Speed up research to go further
Quantum technologies are evolving very quickly … Also, academics, like manufacturers, have understood that a virtuous circle must be established between very upstream research, applied research and technological research. “This field without fundamental research cannot exist, nor a very rapid transfer to the application”, summarizes Xavier Marie.
One of the major challenges of the Occitan initiative will be to sustain the dynamic over the long term, well beyond the four years that the “Key Challenge” of the region must last. In total, 15 to 20 million euros mobilized over five years, ”he concludes.
Finally, in the near future, the research director of Irif, Frédéric Magniez wonders about new academic perspectives. This is the physics applied on a small scale, that of the atom: 1 billionth of a meter. These are the laws making it possible to understand how an electron, a grain of light, a molecule works … They were discovered a hundred years ago, both by theories and by experiments, and have never been put in default. Better. These are the most precise laws ever invented in science, making it possible to predict phenomena 10 digits after the decimal point. The problem: these laws escape our usual intuitions. We live in a “classic” world: objects fall with gravity, they are solid, they are there or absent. At the atomic scale, behaviors are different. We must therefore develop a new intuition, be very open because we do not “see” with our eyes the behaviors that are playing out at the atomic level. We only know about it with deductions, reasoning and measurements.

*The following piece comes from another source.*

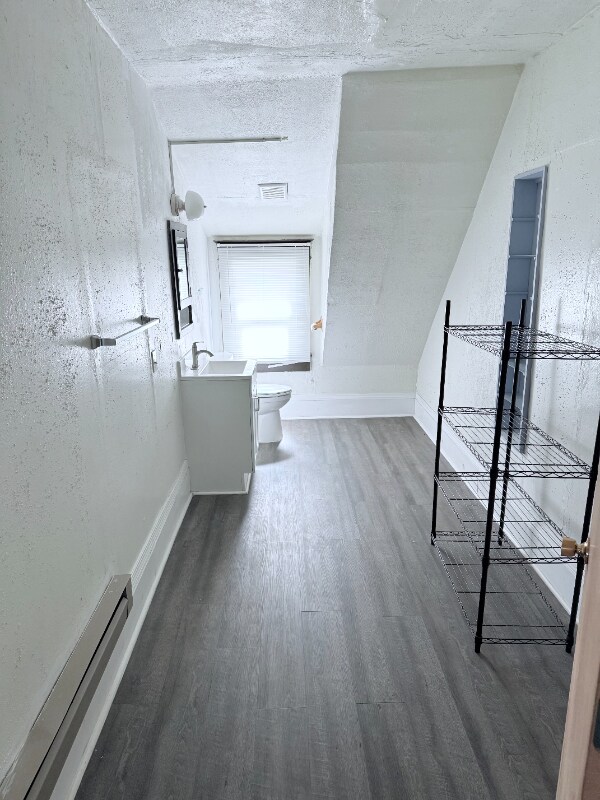 Building Photo - 122 4th St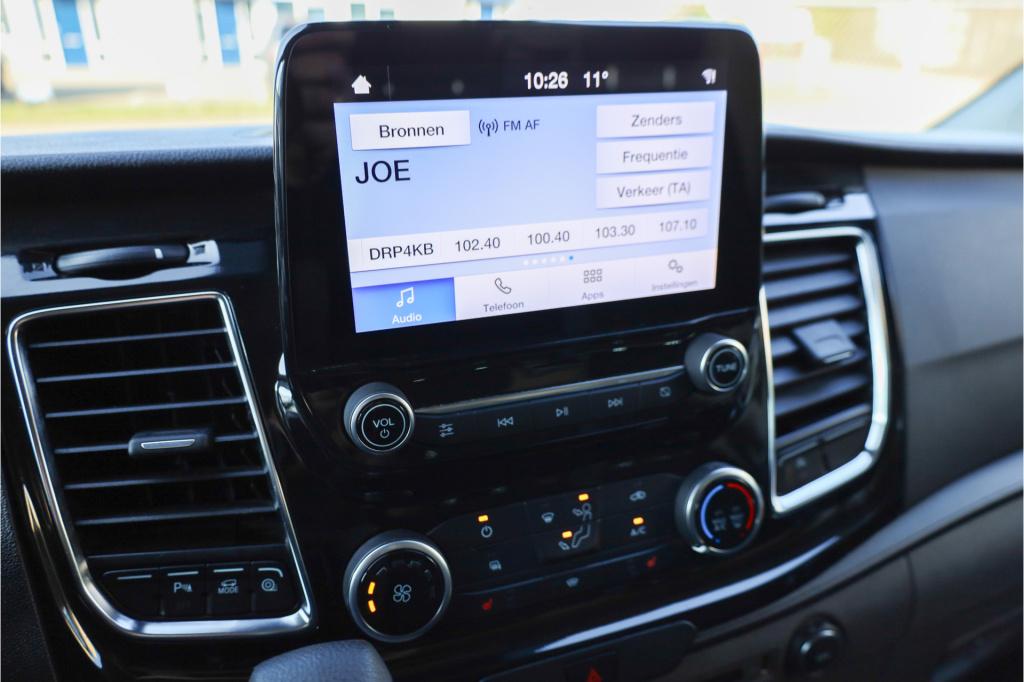 Ford Transit Custom 300 2.0 tdci 170pk l2h1 limited ac i cam i trekhaak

All of this is very clear. You must be expressing yourself badly!
Let’s go into detail then and take a quantum object like an electron. Until I measure it, try to see where it is, it’s going to be in several places at once. As if he didn’t want to choose his place. Which doesn’t mean he’s going very fast, and you can’t follow him. It is, LITERALLY, in several places at once in probability. And if I try to measure it, it suddenly collapses into one point, among all the possible places. The electron draws lots based on the odds every time I measure it. And really at random. And that happens as soon as you force it to interact with a “big” object. Like a measuring instrument. This is a first strangeness.